The start of the new tax year on 6 April marks several important changes to pensions.
If you are currently contracted out of the state second pension (S2P) through a personal pension or a money purchase occupational scheme, your contracting out will end automatically on 5 April 2012. The funds built up in your private pension arrangement will remain, but from 6 April you will start to accrue S2P. As with other state pensions, S2P is not payable before your state pension age (SPA) – see below – and normally has no lump sum element.
National insurance contributions (NICs)
If you are contracted out via your employer’s occupational scheme, then your (and your employer’s) NICs bill is set to rise from April. For final salary schemes, the employee NICs rebate for contracting out will fall from 1.6% to 1.4%. For money purchase schemes, the rebate will disappear completely because contracting out will have ended. If you have a personal pension, your NICs rates will not change.

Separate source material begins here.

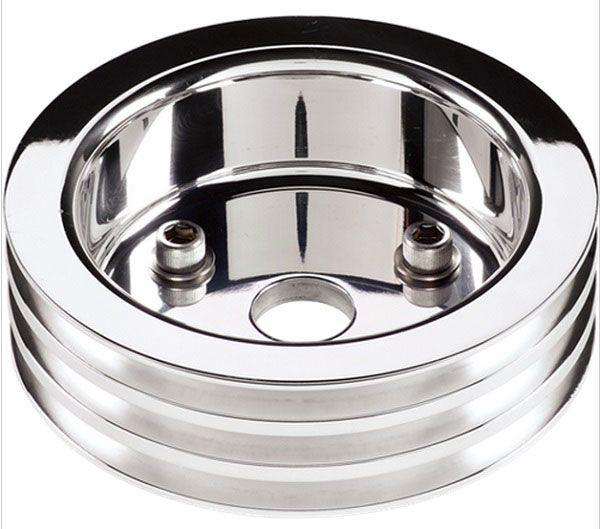Billet Specialties Crankshaft Pulley - Polished (BS83320) BS83320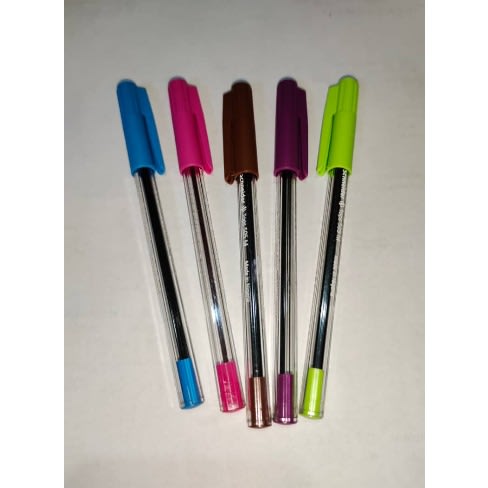 Ball Biros - 5 Pieces - Multicolor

The standard lifetime allowance, which normally sets the maximum tax-efficient value of pension benefits, will fall from £1.8 million to £1.5 million. If you have existing primary or enhanced protection, the reduction will have little, if any effect. However, if you have no protection, then you may need to consider the option of claiming fixed protection, which was
introduced last year.
Broadly speaking, fixed protection allows you to keep the £1.8 million lifetime allowance, but only if no further contributions are made to your pension arrangements and you accrue no more benefits. A claim for fixed protection must be made by 5 April 2012. If you think it might be relevant to you, please contact us as soon as possible.
Two other aspects of pensions were the subject of announcements late last year, but their impact will be longer term.
State pension age (SPA)
The phasing of the increase in SPA to 66 was changed in a last-minute amendment to what was then the Pensions Bill and is now the Pensions Act 2011. The adjustment means that the maximum increase in SPA any woman will face in 2020 is 18 months, rather than the 24 months previously proposed.
Some men will also see their SPA brought forward marginally from the original plans. You will only be affected by these adjustments if you were born between 6 April 1954 and 5 October 1954.
Shortly after the Pensions Act had been passed the Chancellor, George Osborne, announced in his Autumn Statement that the timing of the next increase in SPA (to 67) would be accelerated. Instead of taking place between April 2034 and April 2036, the increase will now be introduced eight years earlier, between April 2026 and April 2028.
Mr Osborne also said that future increases to SPA would ‘be based on demographic evidence’, which suggests the currently scheduled rise to 68 between 2046 and 2048 will actually occur much sooner.
In late November, the Department for Work and Pensions announced that the start date for auto-enrolment into pension arrangements for small employers would be put back by 13 months, to May 2015. The full 8% rate of contributions is now likely to apply from October 2018, one year later than previously planned.